FDA Launches New Web Resource for Regulated Industries
Part of the agency’s ongoing transparency initiative, the site is one of the 19 action items contained in a 46-page report titled “FDA Transparency Initiative: Improving Transparency to Regulated Industry.”
The U.S. Food and Drug Administration introduced a new Web resource on Jan. 6 called FDA Basics for Industry (www.fda.gov/FDABasicsforIndustry) to help companies and others save time and resources in their interactions with the agency.
The new website was launched two days after President Obama signed the Food Safety Modernization Act, which directs FDA to set up a new system of food safety oversight based on preventing problems that cause people to get sick.
The website includes basic information about the regulatory process, including information that is frequently requested by industry.
“Clarity and consistency are pillars of an effective regulatory system that efficiently regulates products essential to health,” said FDA Commissioner Margaret Hamburg, M.D. “In order to succeed, the FDA must clearly communicate standards and expectations to the industries it regulates.”
Part of the agency’s ongoing transparency initiative, the site is one of the 19 action items contained in a 46-page report titled “FDA Transparency Initiative: Improving Transparency to Regulated Industry.” Other action items include:
- setting an agency-wide expectation that e-mail questions to the FDA involving the regulatory process will, whenever possible, receive an answer within five business days, or a response stating when an answer can be expected
- making agency presentations at key meetings widely available
- developing and executing a project to promote uniform processes and procedures across field districts
The entire list of action items contained in the report is available here.

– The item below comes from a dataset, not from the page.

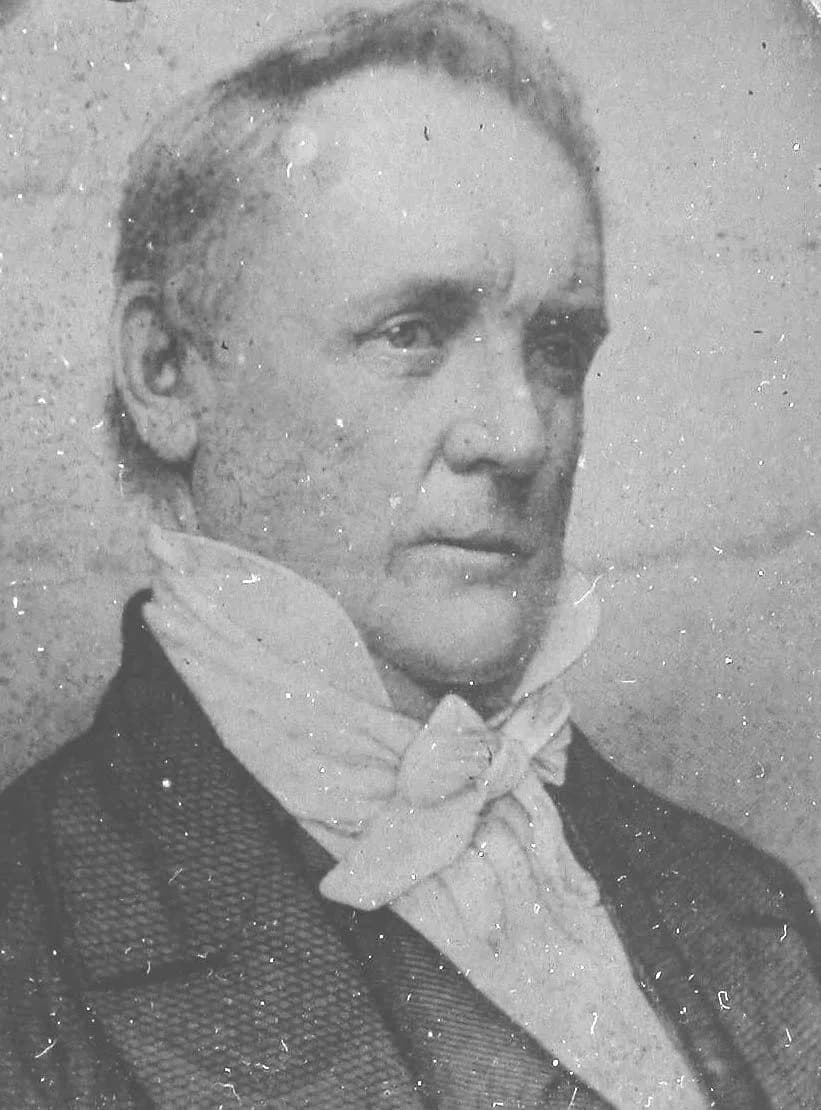 James Buchanan - A daguerreotype of James Buchanan.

“We have heard from small and large companies about the need for the FDA to more clearly communicate about its standards and expectations – both for regulated products generally and for specific applications,” said Joshua Sharfstein, M.D., principal deputy commissioner and chairman of the agency’s Transparency Task Force.
The report also contains five draft proposals to improve FDA’s transparency to regulated industry. The draft proposals, available for public comment for 60 days, include publishing a timeline on FDA’s website for high-priority guidance documents in development. FDA would disclose dates for publication of the draft guidance, receipt of public comments, and publication of the final guidance.